Glencore espère que la transaction, sujette à approbation règlementaire, sera finalisée au troisième trimestre 2024. (Photo: 123RF)
Zurich — Le géant du négoce des matières premières Glencore a fini par décrocher une participation dans le charbon de Teck Resources après un féroce bras de fer avec le groupe canadien, moyennant 6,93 milliards de dollars américains (G$US) pour s’en emparer.
Le groupe suisse va obtenir une participation de 77% dans Elk Valley Resource (EVR), qui regroupe le charbon de Teck Resources, au côté du sidérurgiste japonais Nippon Steel Corporation qui prendra 20% des parts, annonce-t-il mardi dans un communiqué.
«Nous sommes heureux d’être parvenus à un accord», a déclaré Gary Nagle, son directeur général, cité dans le communiqué, assurant que Glencore entend veiller à ce que «la transaction soit bénéfique pour le Canada».
Les visées de Glencore sur Teck Resources avaient fait des remous dans les milieux politiques au Canada. Glencore s’est donc efforcé de vanter les mérites de la transaction: elle n’entraînera pas de suppressions nettes d’emplois et le siège d’EVR restera à Vancouver. De plus, l’entreprise continuera d’engager des dépenses d’investissements au Canada.
Glencore espère que la transaction, sujette à approbation règlementaire, sera finalisée au troisième trimestre 2024.
L’action gagnait 3,18% à 444,15 pence alors que le FTSE100, l’indice de la Bourse de Londres, où Glencore est coté, perdait 0,38%.

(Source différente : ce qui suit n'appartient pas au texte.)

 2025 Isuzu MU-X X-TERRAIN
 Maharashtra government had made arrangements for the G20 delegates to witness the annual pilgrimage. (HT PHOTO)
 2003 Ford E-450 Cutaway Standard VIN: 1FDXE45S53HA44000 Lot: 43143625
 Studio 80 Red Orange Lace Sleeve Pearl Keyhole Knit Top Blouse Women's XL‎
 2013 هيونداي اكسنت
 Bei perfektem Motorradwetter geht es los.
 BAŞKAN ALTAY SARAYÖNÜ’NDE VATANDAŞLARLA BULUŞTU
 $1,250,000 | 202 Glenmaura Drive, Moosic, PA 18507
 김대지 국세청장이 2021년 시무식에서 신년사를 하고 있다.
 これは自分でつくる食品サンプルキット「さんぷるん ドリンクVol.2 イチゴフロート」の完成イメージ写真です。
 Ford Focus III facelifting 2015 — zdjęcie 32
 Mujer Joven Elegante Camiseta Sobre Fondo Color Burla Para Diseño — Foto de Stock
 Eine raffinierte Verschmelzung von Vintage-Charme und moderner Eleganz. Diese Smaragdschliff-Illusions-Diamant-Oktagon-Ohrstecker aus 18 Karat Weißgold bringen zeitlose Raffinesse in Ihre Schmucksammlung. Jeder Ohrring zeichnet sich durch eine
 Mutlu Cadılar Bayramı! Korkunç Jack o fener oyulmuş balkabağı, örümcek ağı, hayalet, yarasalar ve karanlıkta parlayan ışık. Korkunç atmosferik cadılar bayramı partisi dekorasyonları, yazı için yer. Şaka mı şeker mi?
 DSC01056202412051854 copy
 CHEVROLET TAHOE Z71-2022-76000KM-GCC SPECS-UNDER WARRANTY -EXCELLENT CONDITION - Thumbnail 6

Avec cette vente, Teck Resources pourra se concentrer sur les minéraux critiques comme le cuivre, explique de son côté Jonathan Price, le PDG du groupe canadien dans un communiqué séparé. L’accord valorise ses activités dans le charbon à 9 milliards de dollars.
Teck Resources, un des plus grands groupes miniers au Canada, avait lancé un projet de scission de ses activités de charbon et de métaux. Mais en avril, Glencore avait dévoilé une offre complexe et controversée, lui proposant d’abord de mettre en commun leurs activités dans le charbon et les métaux, puis de les scinder dans un deuxième temps.
Introduction en Bourse à venir
Teck Resources avait fermement rejeté son offre, malgré une tentative de Glencore pour l’améliorer. Le groupe canadien était soutenu par ses deux plus gros actionnaires, dont Norman Keevil, le patriarche de la famille qui détient une grande partie des actions assorties de davantage de droits de vote.
Mais l’offre de Glencore avait séduit d’autres actionnaires de Teck Resources, au point que son projet de scission avait capoté. Quelques heures avant une assemblée générale, il avait fini par y renoncer.
Dans le communiqué publié mardi, Norman Keevil, s’est rallié à cet accord, estimant qu’il permet à Teck Resources de poursuivre sa croissance tout «en préservant les emplois» dans les mines de charbon.
Contrairement à plusieurs concurrents qui se désengagent du charbon, Glencore continue de défendre cette matière première, disant vouloir gérer ses mines de manière responsable jusqu’à ce qu’elles s’épuisent, ce qui lui vaut de vives critiques, y compris de la part de ses actionnaires.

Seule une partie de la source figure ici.